After the rinse fluid is largely drained, the pen is pressurized by switching valve 82 to vent, thereby closing inlet to prevent air from escaping the pen via the probe. This forces any additional fluid in the pen out of the print head orifices to be collected by the vacuum at the boot. Switching the valve 82 to vent allows any remaining fluid in conduit 100 to drain into the waste receptacle 102.
Then, the emptied and rinsed pen may be removed from the apparatus for inspection, particularly to determine the presence and nature of any orifice-clogging contaminants accumulated at the interior of the print head. The apparatus is then readied for subsequent use by emptying the contents of the containment vessel 132 to the waste receptacle. To do so, valve 82 remains switched to vent to avoid back pressure build up in the waste receptacle, valve 120 is closed to prevent any flow toward the boot from the containment vessel 132, and valve 144 is switched to supply the containment vessel with pressurized air from the air supply 152. This creates sufficient air pressure on top of the fluid in the vessel to force the fluid down through drain 134, past check valve 140, and into the waste receptacle. The valves are then reset to the original quiescent state for servicing of the next pen.
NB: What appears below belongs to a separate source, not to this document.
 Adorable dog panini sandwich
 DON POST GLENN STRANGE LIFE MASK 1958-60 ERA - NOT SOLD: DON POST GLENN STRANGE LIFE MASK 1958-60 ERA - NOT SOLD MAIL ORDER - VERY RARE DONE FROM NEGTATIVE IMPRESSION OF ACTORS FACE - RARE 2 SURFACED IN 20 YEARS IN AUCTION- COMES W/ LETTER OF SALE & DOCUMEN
The apparatus and method described may be used other than for pen cleaning for failure analysis. For instance, the apparatus may be used to prepare suitable pens for refilling with ink by draining the old ink and rising the reservoir, so that new ink may be injected in a subsequent operation. While the apparatus and method are described in terms of a preferred embodiment, the following claims are not intended to be so limited.